● Provided material
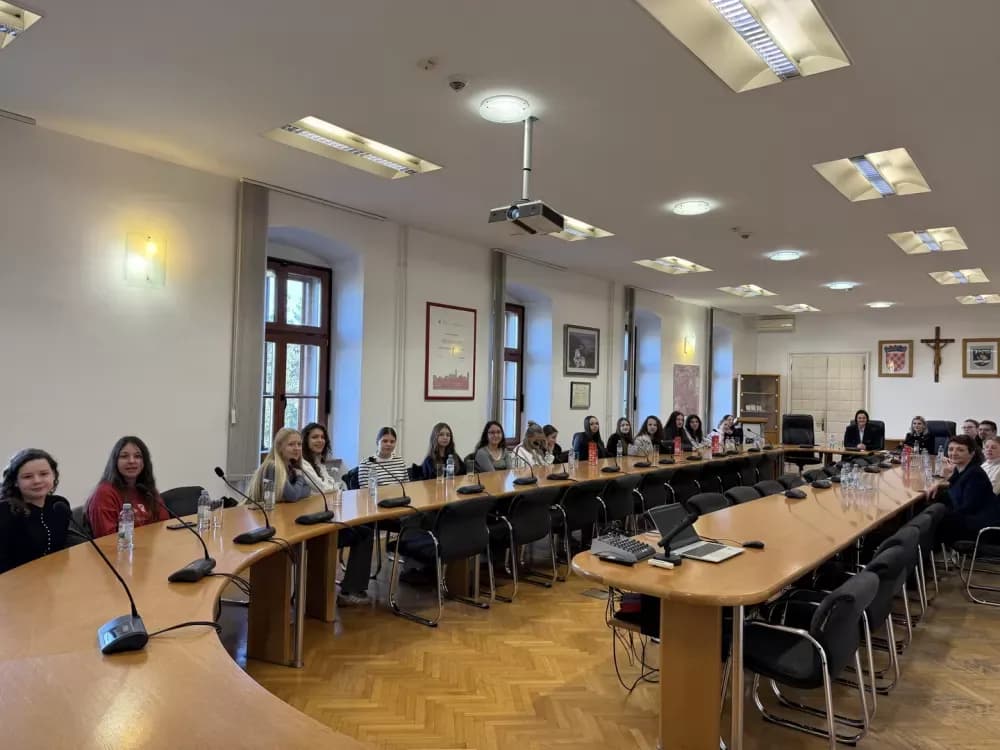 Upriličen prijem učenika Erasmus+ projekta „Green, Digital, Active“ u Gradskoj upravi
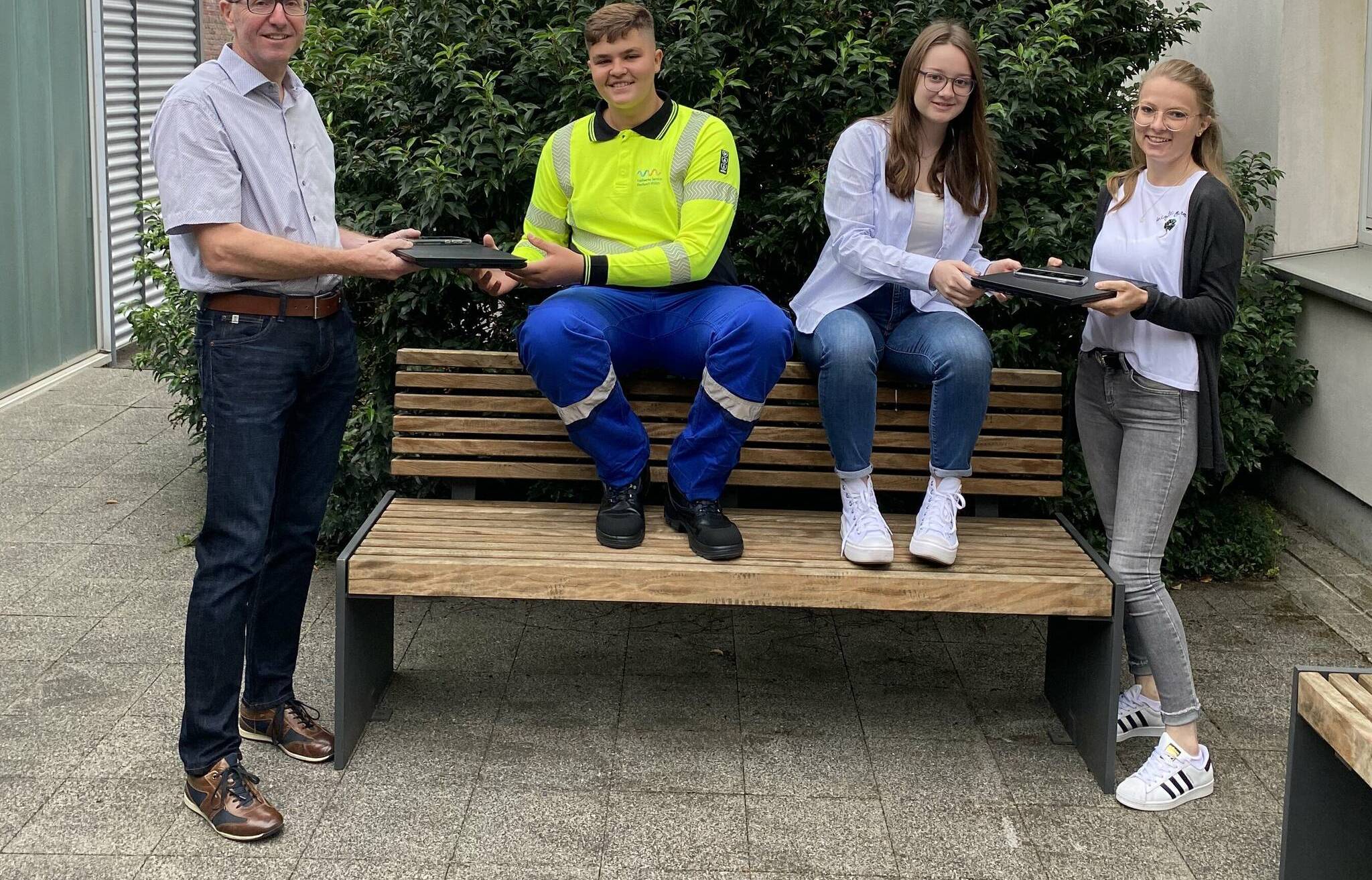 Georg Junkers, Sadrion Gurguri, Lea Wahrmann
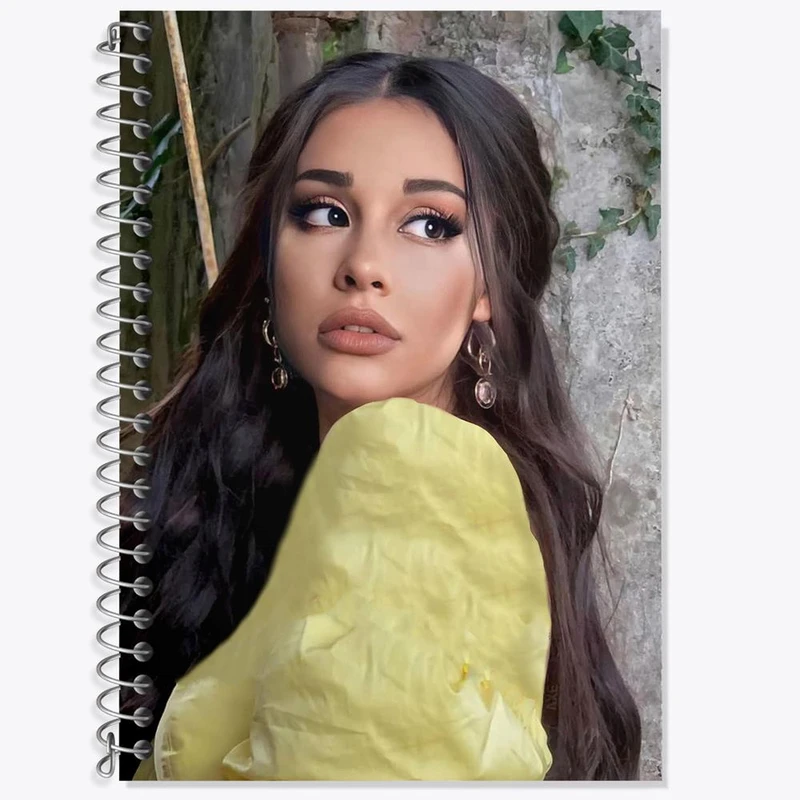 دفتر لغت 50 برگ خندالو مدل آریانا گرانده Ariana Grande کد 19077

● Prompt
Reproduce all of the data exactly; the pictures do not belong in the copy.

● Response to this exercise
 Upriličen prijem učenika Erasmus+ projekta „Green, Digital, Active“ u Gradskoj upravi
 Georg Junkers, Sadrion Gurguri, Lea Wahrmann
 دفتر لغت 50 برگ خندالو مدل آریانا گرانده Ariana Grande کد 19077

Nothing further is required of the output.